• Source data
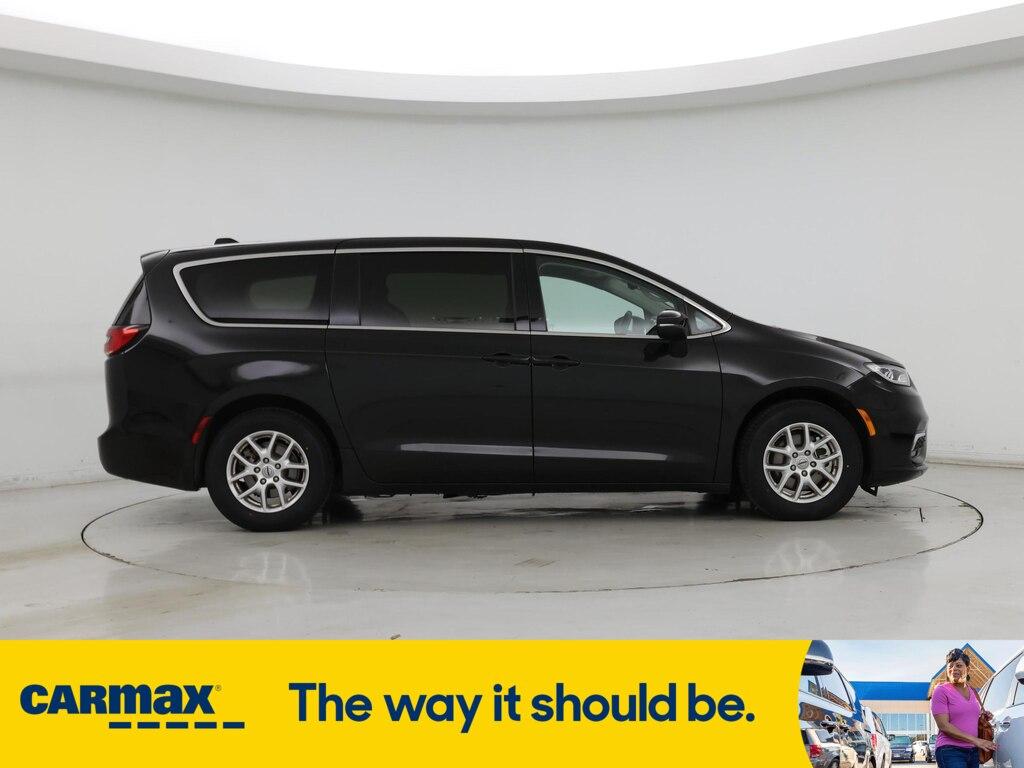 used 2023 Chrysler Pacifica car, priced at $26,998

* * *

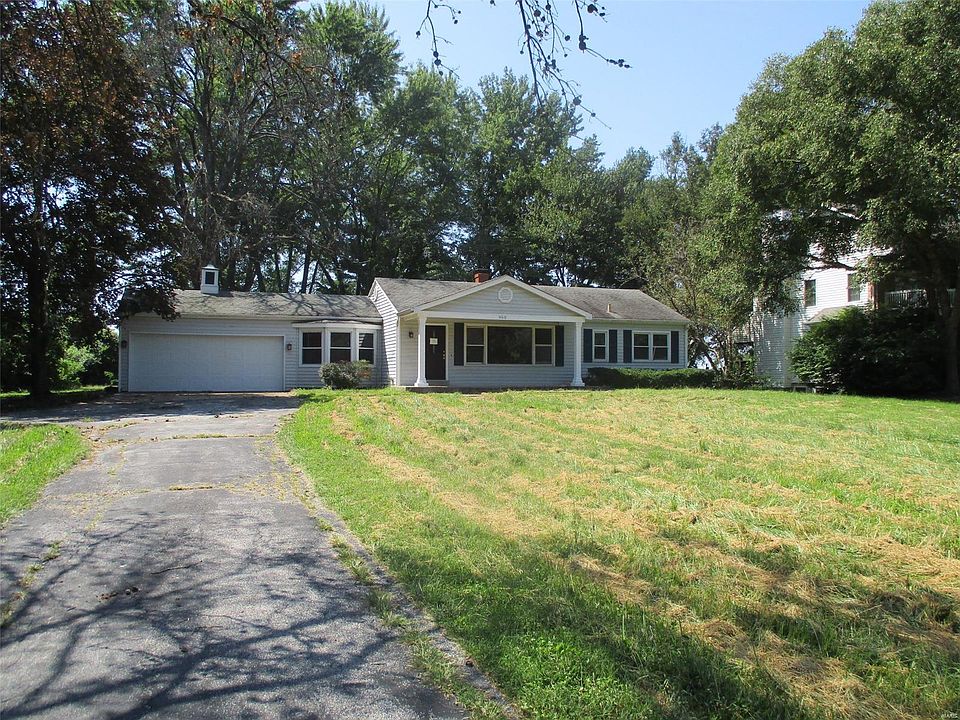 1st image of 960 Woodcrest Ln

* * *

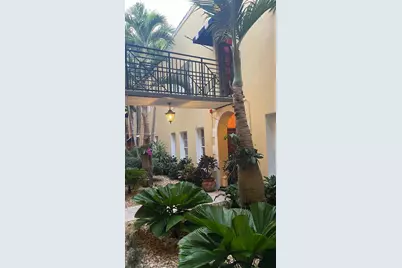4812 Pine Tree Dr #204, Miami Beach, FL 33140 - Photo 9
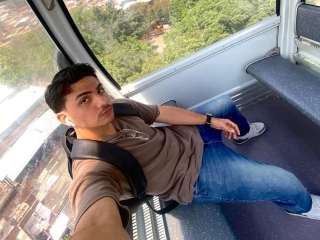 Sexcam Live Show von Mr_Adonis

• The problem
Would you copy the lines above exactly, starting with the one that has "4812 Pine Tree" and ending with the one that has "Sexcam Live Show von Mr_Adonis", both included, without the pictures?

• Answer for the task
4812 Pine Tree Dr #204, Miami Beach, FL 33140 - Photo 9
 Sexcam Live Show von Mr_Adonis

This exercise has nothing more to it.